Suggestion Two: Open The Door
"Next, it’s important for IT to take the lead in providing tools and guidelines that make it easy for business developers to start off on the right foot."
While also good advice, it's almost impossible to actually do.
Why? IT folks who have drunk the Proprietary (i.e., Microsoft) Kool Aid laced with contractual terms and conditions won't let end-users have expensive Visual Studio toolkits. And the true believers in Microsoft hegemony can't let users have non-Microsoft tools. All the large IT organizations that are all-singing, all-dancing, all-Microsoft can't empower end users very well at all.
They offer up Sharepoint and MS-Access and then shut down all further access to tools.
Here's Dumb Rule 2 of success in IT: "Measure Success By Licensing Fees".
Visual Studio works because its expensive. Right? Oracle is "enterprise" scale because it's expensive. SQLite is unacceptable because there's no support, right?
To provide tools and guidelines, Corporate IT has to either (1) stop paying so much for tools or (2) budget for user departments to have access to real tools or both.
If we don't allow the DIY folks a decent tool set they'll still create software using crappy tools. They're remarkably capable of building vast shadow systems in MS-Access. Seven interlocked Access databases that all magically work together on a single desktop is the kind of thing they'll do if we don't help them do something better.
Suggestion Three: Stop Driving and Start Guiding
DIY folks want first class access to servers, data and tools.
"IT can take the lead in providing guidelines and even code snippets or basic scripts that work with platforms that are commonly used to create DIY projects in your organization."
"Provide small doses of advice on how to design applications for scale and security that are led by your professional-development staff. "
This can't happen, of course. The reason is that we can't "trust" the end users. If we give them access to the data, they'll make a total mess of it. We know they'll make a mess of it because we have columns in the database where the users have stopped entering the data we carefully defined in the data dictionary and started entering other data.
Why, oh why do end users corrupt the columns in the database? We tear at our hair and rend our clothes asking this. Everyone asks this. It's the great rhetorical argument against allowing users into the hallowed halls of IT.
No one tries to answer it, of course. It's a rhetorical question. The answer is embarrassing.
Users corrupt and misuse the database because a small change to add a column is a 9-month delay preceded by endless useless meetings, endless useless IT process. While waiting for IT to make a simple change, it's easier to simply enter the data into another unused field.
IT creates they're own nightmare by being unable to adapt to business change.

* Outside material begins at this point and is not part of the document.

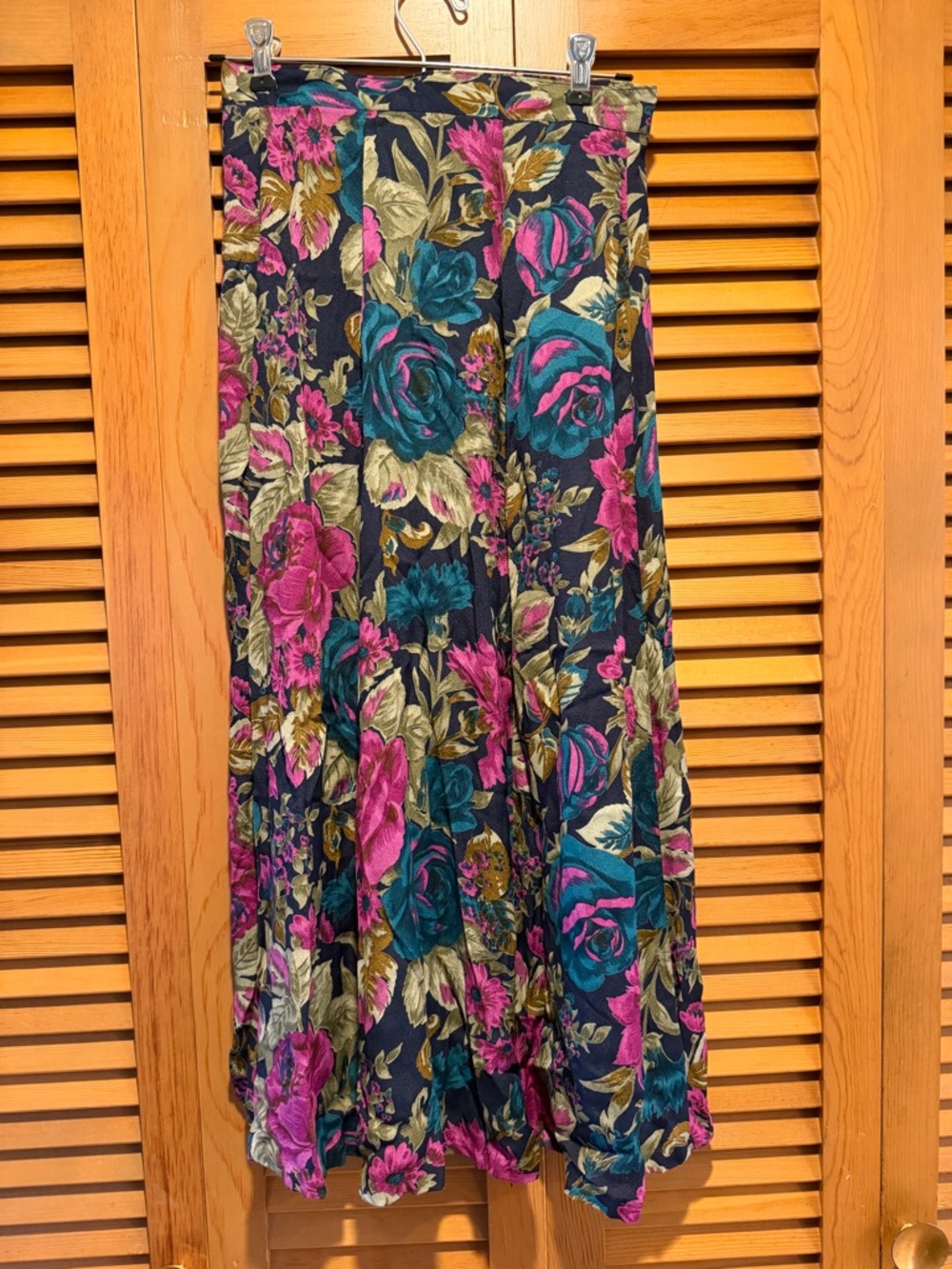 Retro Floral A-Line Maxi Skirt in Teal & Magenta, size 6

Here's Dumb Rule 3 of success in IT: "Control The Data".
Rather than adapt to business changes, wrap them in process as a way to say "no". Have elaborate processes. Complex budget negotiations. Project prioritization meetings.
Yes, the resources are finite. More process, however, means fewer resources devoted to solving business problems.
Code that does updates needs a lot of code review and testing no matter who wrote it. If end-users have a DIY project, IT should be deeply involved in the QA process. End users don't particularly like the kind of rigorous, expensive, sophisticated testing that IT imposes on itself. That doesn't remove the need to engage the DIY folks in some kind of test plan.
IT needs to offer a menu of services including "secure, reliable and available data and processing resources".
IT needs to have a simple, easy-to-understand quality threshold for software.
Programming, software purchase, integration installation and configuration and the like can be done by IT or by anyone else who meets the simple quality threshold.
A test plan. Evidence that the tests are passed. Compatibility with some standards.
It should be very, very simple so that DIY can be made to work efficiently. Since it's going to happen anyway, it's better to do it well than to fight against it with Dumb Rules.